_Data to process_:
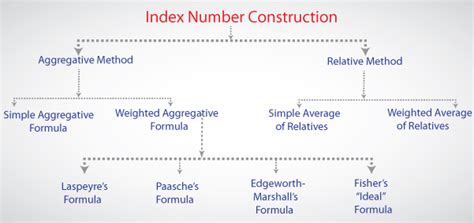 What is index number in statistics.  Learn how to construct price index numbers, th...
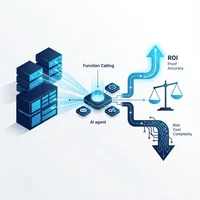 CS自動化の「嘘」を防ぐ：OpenAI Function Calling実装によるROIとリスクの完全評価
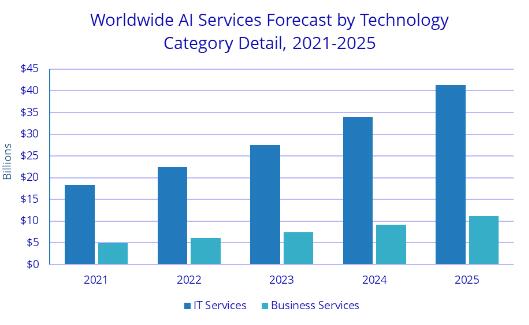 IDC：2022年全球AI市場(chǎng)規(guī)模達(dá)到4328億美元 增長(zhǎng)近20%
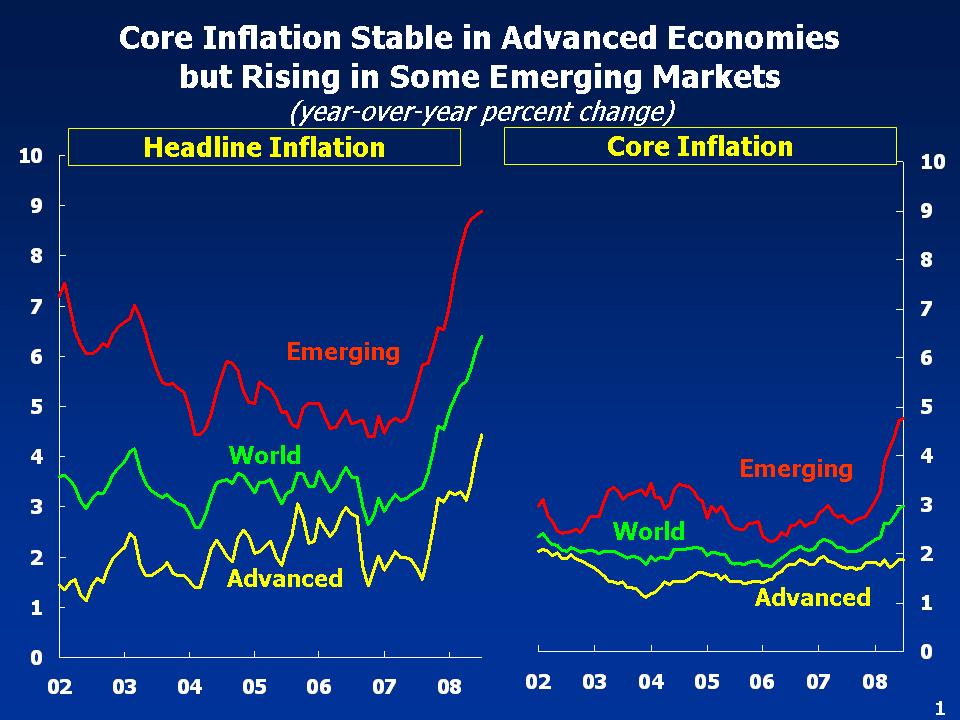 Headline Inflation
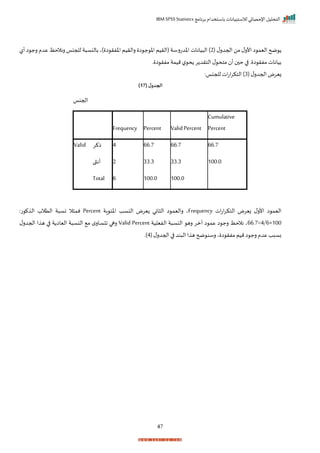 ‫برنامج‬ ‫باستخدام‬ ‫لالستبيانات‬ ‫اإلحصائي‬ ‫التحليل‬
IBM SPSS Statistics
47
( ‫ل‬‫احجدر‬ ‫من‬ ‫ل‬‫األر‬ ‫ا‬ ‫اليم‬ ‫ضح‬
2
‫رنالحظ‬ ‫للجنا‬ ‫ة‬ ‫بالنس‬ ‫)ي‬ ‫ا‬ ‫اخفر‬ ‫رالريم‬ ‫ا‬ ‫ج‬ ‫اخ‬ ‫(الريم‬ ‫اخدترسة‬ ‫يانات‬ ‫ال‬ )
‫أل‬ ‫ا‬ ‫رج‬ ‫عدم‬
‫ا‬ ‫مفر‬ ‫بيانات‬
‫ر‬ ‫ا‬ ‫مفر‬ ‫ميمة‬‫ل‬ ‫ح‬ ‫ر‬ ‫الترد‬ ‫ل‬ ‫متح‬ ‫أ‬ ‫ح‬ ‫ا‬ ‫ر‬
( ‫ل‬‫احجدر‬ ‫زيرض‬
3
:‫للجنا‬ ‫ات‬‫ت‬‫ا‬‫ر‬‫التك‬ )
( ‫ل‬‫الجدو‬
17
)
‫احجنا‬
Frequency Percent ValidPercent
Cumulative
Percent
Valid ‫ذكر‬ 4 66.7 66.7 66.7
‫أنثى‬ 2 33.3 33.3 100.0
Total 6 100.0 100.0
‫اليم‬
‫ات‬‫ت‬‫ا‬‫ر‬‫التك‬ ‫زيرض‬ ‫ل‬‫األر‬ ‫ا‬
Frequency
‫اة‬ ‫اخئ‬ ‫النسد‬ ‫زيرض‬ ‫اني‬ ‫ال‬ ‫ا‬ ‫راليم‬ ‫ي‬
Percent
:‫ت‬ ‫ال‬ ‫التالة‬ ‫ة‬ ‫نس‬ ‫ال‬ ‫نم‬
66.7=4/6×100
‫الفيلية‬ ‫ة‬ ‫النس‬ ‫ره‬ ‫لمر‬ ‫ا‬ ‫عم‬ ‫ا‬ ‫رج‬ ‫نالحظ‬ ‫ي‬
Valid Percent
‫ل‬‫احجدر‬ ‫ا‬ ‫ه‬ ‫ا‬ ‫ة‬ ‫الياا‬ ‫ة‬ ‫النس‬ ‫م‬ ‫م‬‫سار‬ ‫ا‬ ‫رها‬
‫ند‬ ‫ال‬ ‫ا‬ ‫ه‬‫ضح‬ ‫رسن‬‫ي‬ ‫ا‬ ‫مفر‬‫ميم‬‫ا‬ ‫رج‬‫عدم‬ ‫بسبد‬
(‫ل‬‫احجدر‬ ‫ا‬
4
‫)ر‬
 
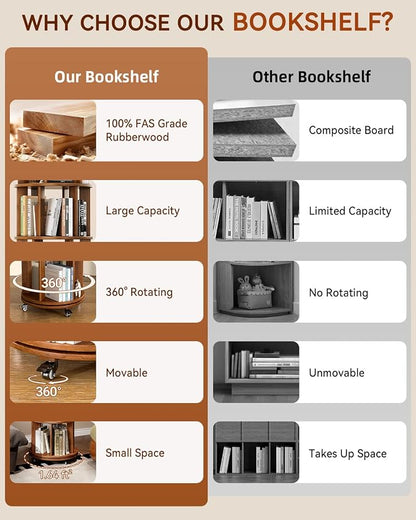 IUNVR Rotating Bookshelf, 6 Tier Solid Wood Bookshelf Tower - Image 4
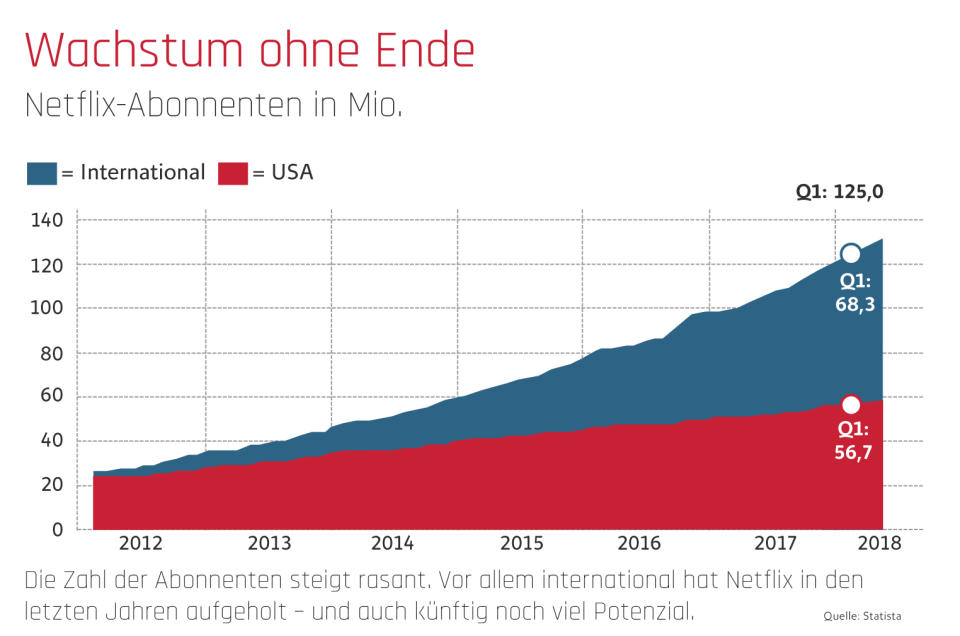 Netflix – das Abo-Paradebeispiel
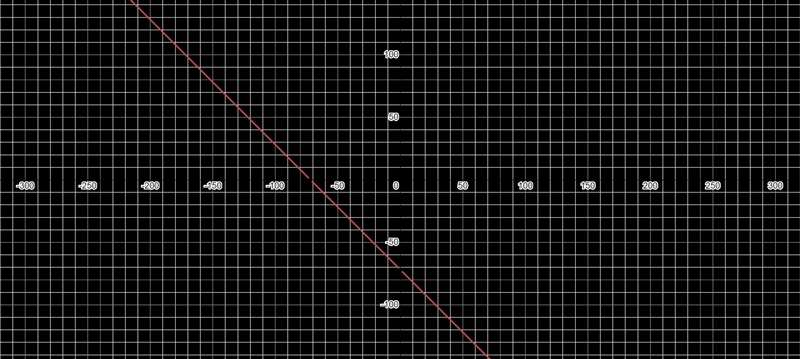 1 y = -x - 7 2 How do I graph that?-example-1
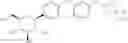 Fig. 162 - C-glycoside derivatives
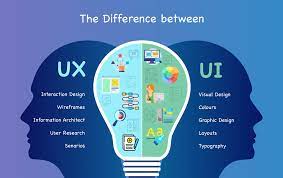 Unleashing the Power of UI: Enhancing User Experiences with Intuitive Design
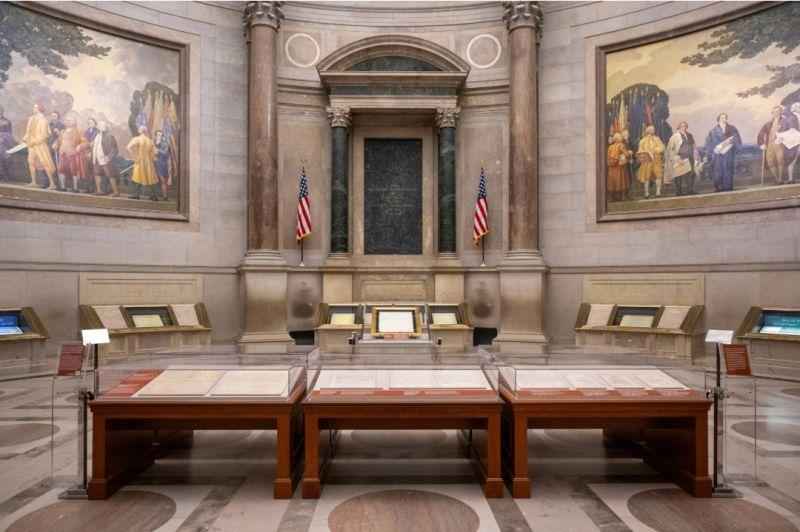 U.S. Constitution Trivia Questions and Answers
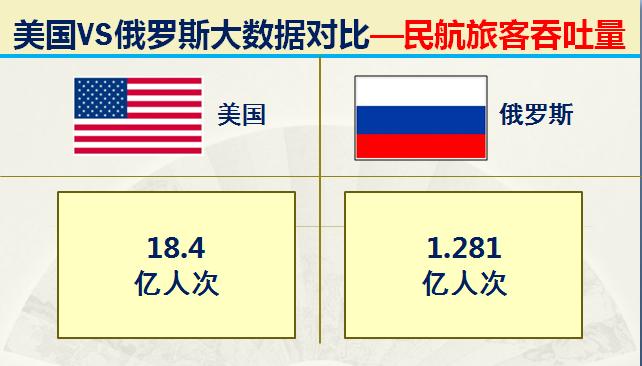 俄国和美国各方的军事实力,美国和俄罗斯最厉害的战斗力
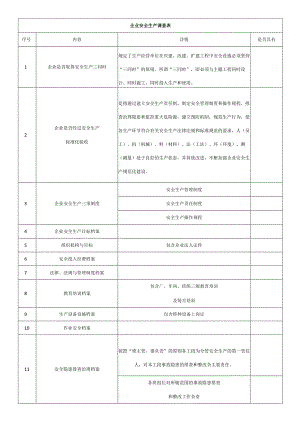 企业安全生产调查表.docx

_Required work_:
Provide only the number of lines in the material above that contain the word "احجدر".

_Result_:
4